→ **THE TASK**: Give the lines again word for word, beginning with the one containing "PonyCycle Modello U" and ending with the last line of the material below.
============
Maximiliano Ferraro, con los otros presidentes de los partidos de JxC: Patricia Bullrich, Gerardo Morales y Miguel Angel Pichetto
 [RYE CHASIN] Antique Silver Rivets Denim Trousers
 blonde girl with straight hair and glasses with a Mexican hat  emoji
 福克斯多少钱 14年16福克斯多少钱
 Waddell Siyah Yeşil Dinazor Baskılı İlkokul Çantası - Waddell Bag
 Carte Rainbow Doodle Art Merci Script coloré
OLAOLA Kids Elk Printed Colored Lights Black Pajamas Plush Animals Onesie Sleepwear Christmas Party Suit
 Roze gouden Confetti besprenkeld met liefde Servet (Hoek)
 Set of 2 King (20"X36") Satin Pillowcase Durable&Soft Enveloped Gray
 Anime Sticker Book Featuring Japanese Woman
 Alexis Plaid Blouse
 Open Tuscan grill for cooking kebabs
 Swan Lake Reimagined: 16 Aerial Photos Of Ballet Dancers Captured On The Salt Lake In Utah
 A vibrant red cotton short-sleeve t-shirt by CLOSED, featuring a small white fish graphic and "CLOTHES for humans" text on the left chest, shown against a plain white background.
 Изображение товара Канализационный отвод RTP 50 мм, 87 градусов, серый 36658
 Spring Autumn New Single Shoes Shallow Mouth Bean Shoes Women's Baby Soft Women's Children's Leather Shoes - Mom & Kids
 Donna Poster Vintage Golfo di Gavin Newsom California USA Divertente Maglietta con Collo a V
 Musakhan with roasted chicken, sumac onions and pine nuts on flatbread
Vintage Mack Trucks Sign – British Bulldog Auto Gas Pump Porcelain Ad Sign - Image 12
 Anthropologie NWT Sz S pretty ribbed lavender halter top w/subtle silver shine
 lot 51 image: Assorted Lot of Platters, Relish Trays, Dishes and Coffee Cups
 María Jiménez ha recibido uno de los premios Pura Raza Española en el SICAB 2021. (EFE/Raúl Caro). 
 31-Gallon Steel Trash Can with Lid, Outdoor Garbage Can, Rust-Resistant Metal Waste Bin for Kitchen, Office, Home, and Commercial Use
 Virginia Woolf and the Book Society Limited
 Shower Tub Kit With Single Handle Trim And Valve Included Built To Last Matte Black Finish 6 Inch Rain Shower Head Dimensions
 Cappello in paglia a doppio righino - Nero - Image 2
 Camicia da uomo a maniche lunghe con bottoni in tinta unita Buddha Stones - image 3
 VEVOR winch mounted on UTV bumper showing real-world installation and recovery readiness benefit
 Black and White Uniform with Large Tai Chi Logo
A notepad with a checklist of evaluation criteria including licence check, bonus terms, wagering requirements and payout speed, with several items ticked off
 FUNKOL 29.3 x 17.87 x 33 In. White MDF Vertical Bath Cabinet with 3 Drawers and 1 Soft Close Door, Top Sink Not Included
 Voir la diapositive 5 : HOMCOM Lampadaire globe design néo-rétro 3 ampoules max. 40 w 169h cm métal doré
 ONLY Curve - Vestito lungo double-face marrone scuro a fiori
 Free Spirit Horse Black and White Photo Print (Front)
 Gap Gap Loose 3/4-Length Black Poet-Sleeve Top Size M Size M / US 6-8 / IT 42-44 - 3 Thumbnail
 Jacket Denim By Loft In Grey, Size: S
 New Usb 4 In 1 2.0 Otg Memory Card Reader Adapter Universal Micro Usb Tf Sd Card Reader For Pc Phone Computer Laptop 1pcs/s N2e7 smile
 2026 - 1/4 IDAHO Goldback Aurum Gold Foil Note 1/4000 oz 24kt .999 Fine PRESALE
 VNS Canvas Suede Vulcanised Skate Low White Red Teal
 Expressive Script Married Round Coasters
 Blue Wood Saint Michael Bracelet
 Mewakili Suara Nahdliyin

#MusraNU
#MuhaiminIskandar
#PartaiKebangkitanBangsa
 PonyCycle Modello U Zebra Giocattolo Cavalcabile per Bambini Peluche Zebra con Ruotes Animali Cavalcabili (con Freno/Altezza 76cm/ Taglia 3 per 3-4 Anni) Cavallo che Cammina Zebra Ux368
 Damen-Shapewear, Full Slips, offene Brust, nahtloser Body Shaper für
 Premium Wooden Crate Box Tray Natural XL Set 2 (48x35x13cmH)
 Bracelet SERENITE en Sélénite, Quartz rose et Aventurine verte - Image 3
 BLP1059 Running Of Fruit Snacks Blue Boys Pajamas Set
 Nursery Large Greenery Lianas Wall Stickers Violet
============
→ **TASK OUTPUT**:
 PonyCycle Modello U Zebra Giocattolo Cavalcabile per Bambini Peluche Zebra con Ruotes Animali Cavalcabili (con Freno/Altezza 76cm/ Taglia 3 per 3-4 Anni) Cavallo che Cammina Zebra Ux368
 Damen-Shapewear, Full Slips, offene Brust, nahtloser Body Shaper für
 Premium Wooden Crate Box Tray Natural XL Set 2 (48x35x13cmH)
 Bracelet SERENITE en Sélénite, Quartz rose et Aventurine verte - Image 3
 BLP1059 Running Of Fruit Snacks Blue Boys Pajamas Set
 Nursery Large Greenery Lianas Wall Stickers Violet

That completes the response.